**Records for this exercise**
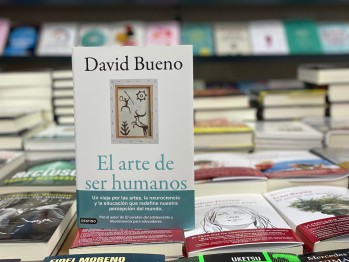 "El arte de ser humanos" de David Bueno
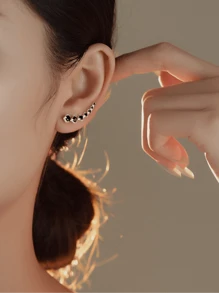 2pcs 925 Sterling Silver 7 Crystals Ear Cuffs Climber Cartilage Earrings Dainty Jewelry Hypoallergenic Fashion Earring Charms Birthday Gift For Women Daily Wear - Silver - View 10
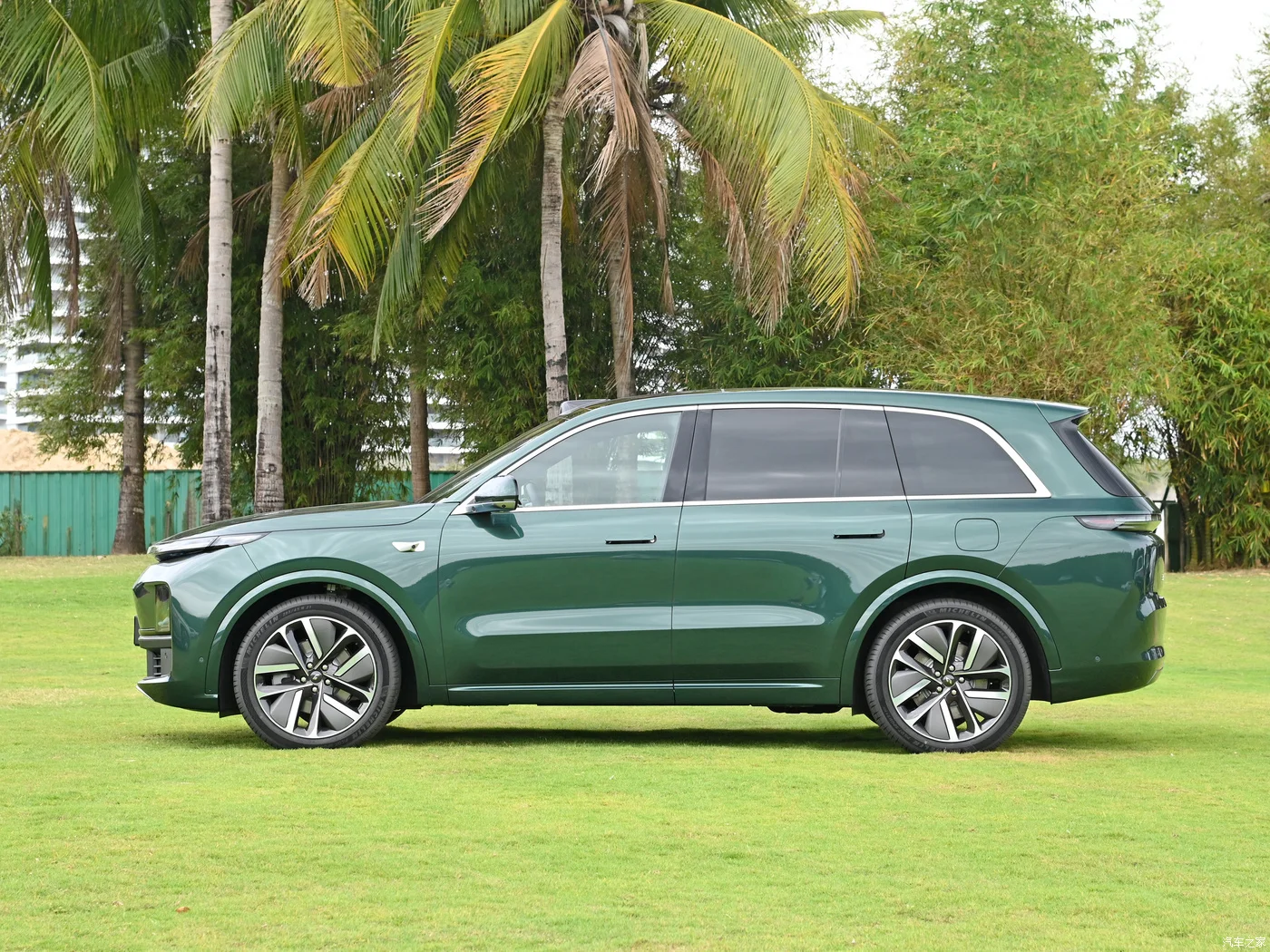 Extend Range Electric Vehicle China Lixiang L8 Turbo Long Range Version Stock Car Low Price For Sale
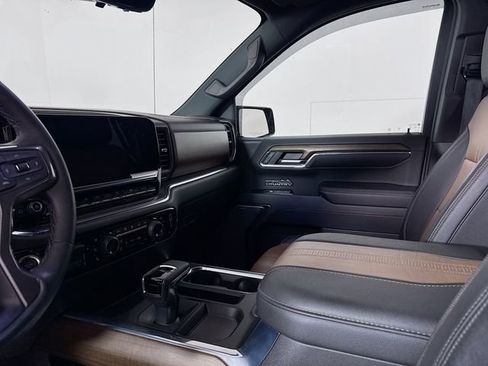 Used 2023 Chevrolet Silverado 1500 High Country w/ High Country Premium Package image 11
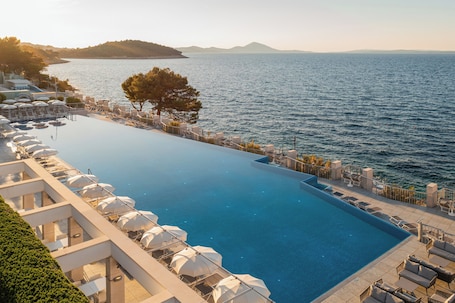 Indoor pool, 2 outdoor pools, sun loungers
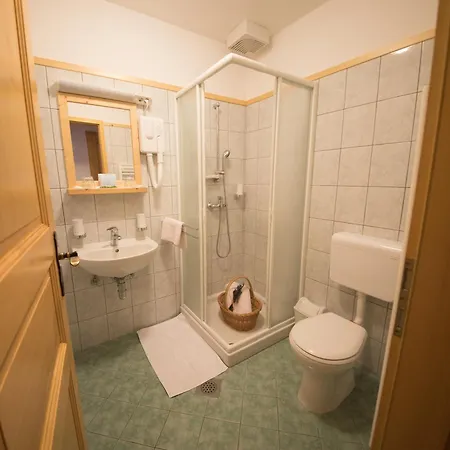 Tourist Farm Pr'dovar فندق مبيت وإفطار سيركلجي نا جورينجسكيم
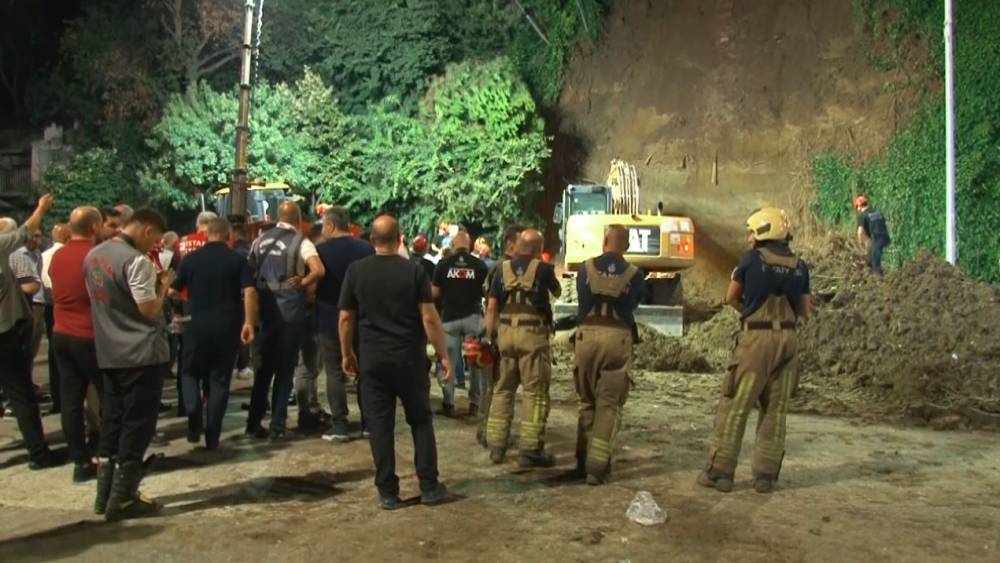 B&uuml;y&uuml;k&ccedil;ekmece&rsquo;de toprak kaymasının yaşandığı b&ouml;lgede &ccedil;alışmalar tamamlandı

**Task directions**
Copy the records exactly. Skip any pictures.

**Solved problem**
 "El arte de ser humanos" de David Bueno
 2pcs 925 Sterling Silver 7 Crystals Ear Cuffs Climber Cartilage Earrings Dainty Jewelry Hypoallergenic Fashion Earring Charms Birthday Gift For Women Daily Wear - Silver - View 10
 Extend Range Electric Vehicle China Lixiang L8 Turbo Long Range Version Stock Car Low Price For Sale
 Used 2023 Chevrolet Silverado 1500 High Country w/ High Country Premium Package image 11
 Indoor pool, 2 outdoor pools, sun loungers
 Tourist Farm Pr'dovar فندق مبيت وإفطار سيركلجي نا جورينجسكيم
 B&uuml;y&uuml;k&ccedil;ekmece&rsquo;de toprak kaymasının yaşandığı b&ouml;lgede &ccedil;alışmalar tamamlandı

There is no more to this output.